See here's the thing. There's a lot you objectively cannot do for a child from 4000 miles away. I would go so far as to say you cannot do MOST of the things children need from parents from 4000 miles away. The semantic stuff...supportive messages, sending your love, such as that, you can do. And once a kid has direction and a little momentum they can withstand the occasional seperation as long as their physical needs are dealt with.
But people have weird ideas about what parenting is nowadays...otherwise you wouldn't have babysitters being a greater shaping influence on a kid than its parents due to spending way more time with the kid. And that's a response to economic demands, so I don't blame folks in that position any more than I blame Sgt. Greer for being away due to her deployment.
But it's a hard argument her ex has chosen, and frankly if I were the divorce judge, the burden of proof would be on her.
Fighting War -- and for Custody
Deployment Used In Battles for Kids
By Ann Scott Tyson
Washington Post Staff Writer
Tuesday, December 30, 2008; A01
FORT LEE, Va. -- Army Sgt. Stephanie Greer was serving with a vehicle-maintenance unit in the volatile Iraqi city of Ramadi, part of President Bush's "surge" strategy to stabilize the country, when she learned of a far-off and most unexpected battle: Her estranged husband was going to fight her for custody of their daughter.
Greer had temporary custody of Mackenzie when she began her second deployment to Iraq in early 2007. Her husband was to care for the 7-year-old while Greer was overseas, but soon he challenged that arrangement in divorce proceedings. "He said I was unstable because I was deployed or training too much," she said.
As a result, throughout her 15-month combat tour, Greer had to mount from 4,000 miles away a legal campaign to keep her daughter.
"If I had not deployed, I know I never would have faced this situation," said Greer, 39. "I don't think it should be held against you, and I don't think my time away, or me deploying, affects my ability to be a mother or provide for my kids."
If she expected support in that position from the military, she was disappointed. Instead, the message she said she received from her superiors was: Deal with it.

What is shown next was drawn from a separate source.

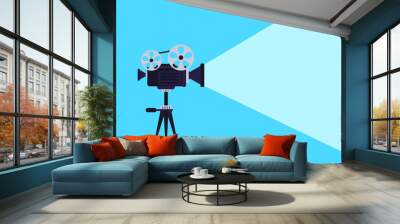 Vector illustration of the retro movie projector on the blue background Wall mural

"In the midst of the deployment, everything goes to pieces . . . and they say, 'Just let it go and fix it when you get home,' " Greer said. "But most of the time when you do that, it is too late."
The military does not track statistics on custody disputes, but as military divorce rates rise -- particularly among enlisted female troops such as Greer -- so do child custody struggles in which military service overseas has become a wedge issue, according to experts in military family law.